**Problem description:** Find the line with "A nude painting" in the entries below, then reproduce it and every line after it down to and including the line with "May include: Two", exactly.

##### Source information

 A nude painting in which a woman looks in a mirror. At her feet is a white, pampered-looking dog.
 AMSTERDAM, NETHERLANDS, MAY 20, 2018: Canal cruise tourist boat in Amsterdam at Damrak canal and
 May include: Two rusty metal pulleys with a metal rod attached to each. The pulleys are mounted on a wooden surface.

##########
##### Source information

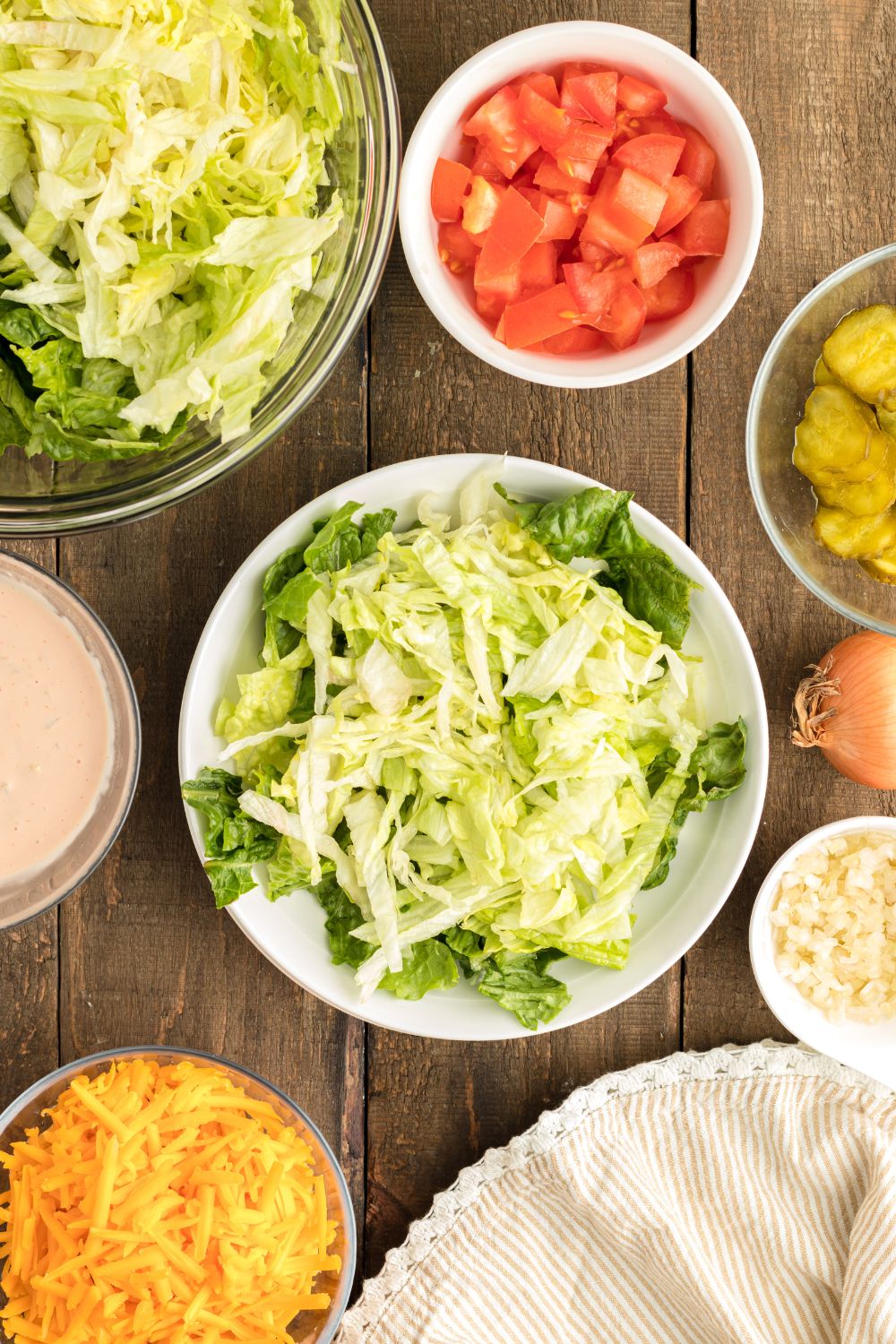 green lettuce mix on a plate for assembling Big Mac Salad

##########
##### Source information

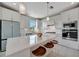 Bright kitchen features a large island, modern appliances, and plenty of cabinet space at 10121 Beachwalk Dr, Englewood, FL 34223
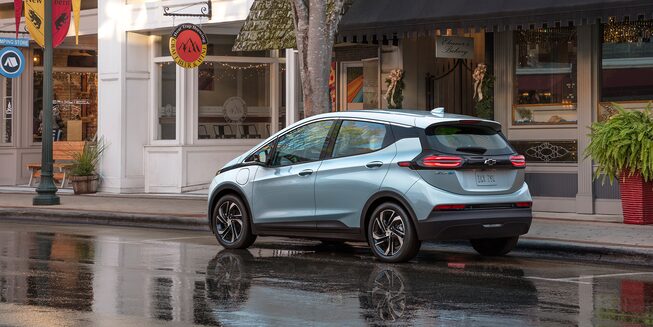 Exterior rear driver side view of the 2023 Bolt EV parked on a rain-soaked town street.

##########

**Output of the task:**
 A nude painting in which a woman looks in a mirror. At her feet is a white, pampered-looking dog.
 AMSTERDAM, NETHERLANDS, MAY 20, 2018: Canal cruise tourist boat in Amsterdam at Damrak canal and
 May include: Two rusty metal pulleys with a metal rod attached to each. The pulleys are mounted on a wooden surface.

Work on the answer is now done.